Directions:
Everything from the line with "LeSportsac carry on" to the line with "Foto del edificio - 11774 Oakhurst Way" in the listing below, both lines included, needs to be copied exactly, apart from the pictures.

[Opening Source information section]

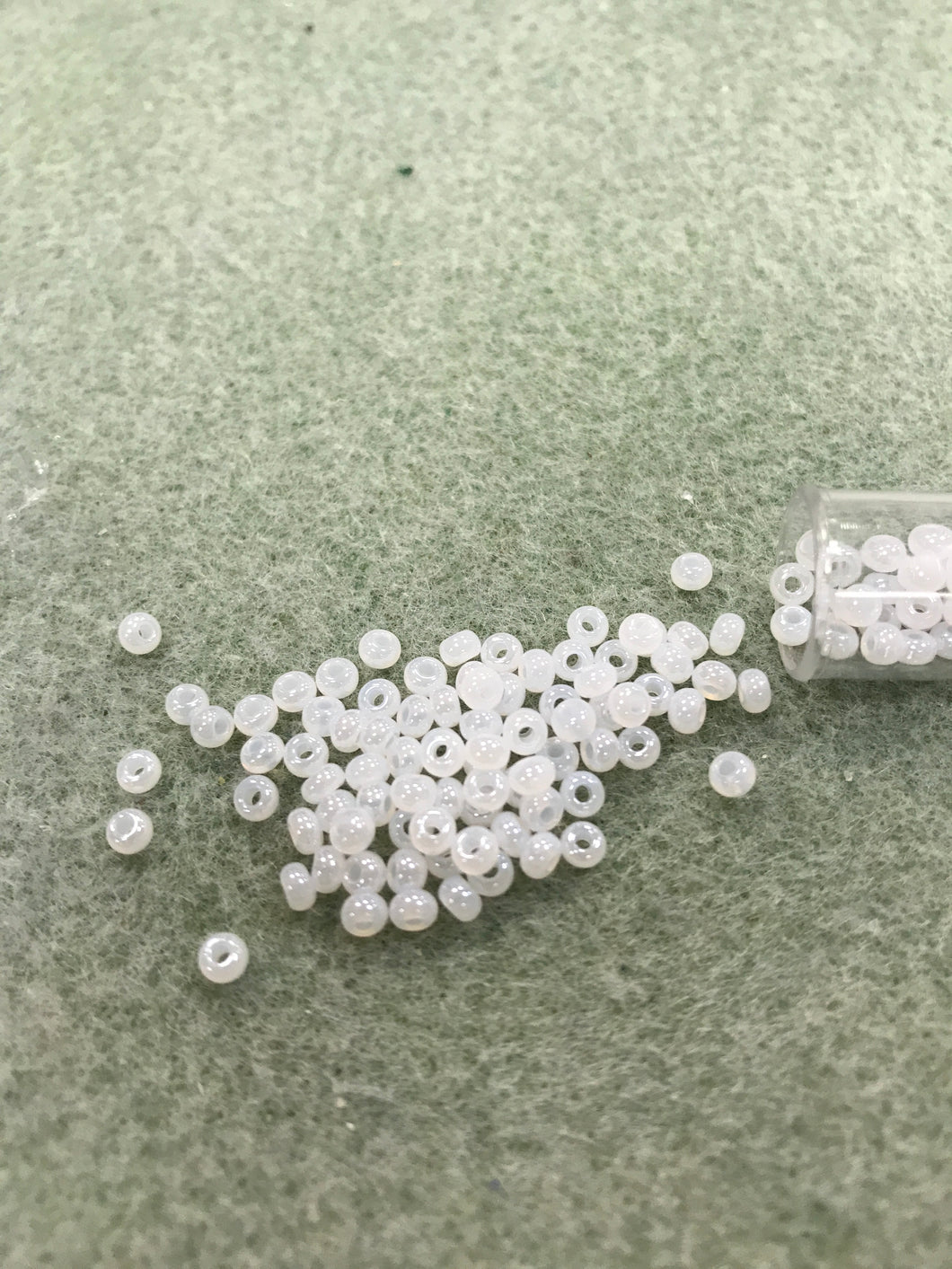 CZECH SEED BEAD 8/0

[Closing Source information section]
[Opening Source information section]

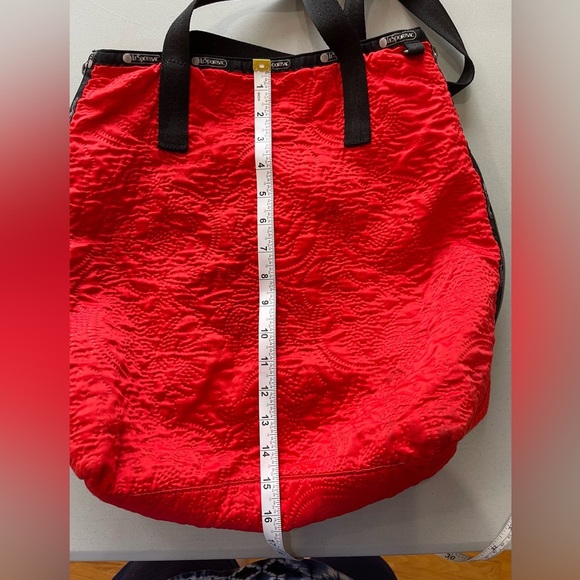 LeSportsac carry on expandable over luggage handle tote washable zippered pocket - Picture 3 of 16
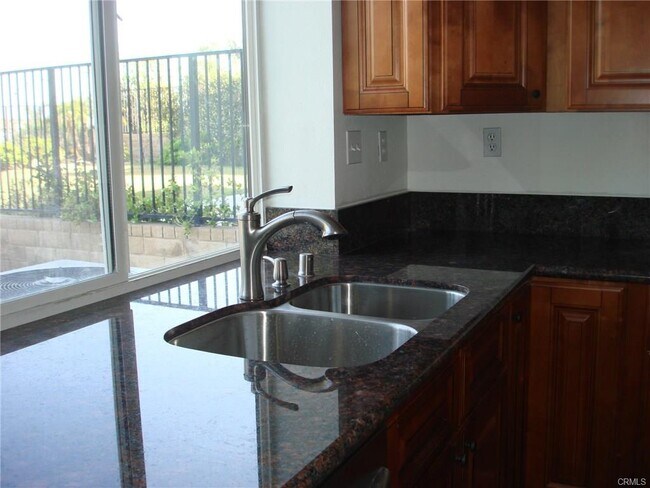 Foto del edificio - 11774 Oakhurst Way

[Closing Source information section]

Solution to the exercise:
 LeSportsac carry on expandable over luggage handle tote washable zippered pocket - Picture 3 of 16
 Foto del edificio - 11774 Oakhurst Way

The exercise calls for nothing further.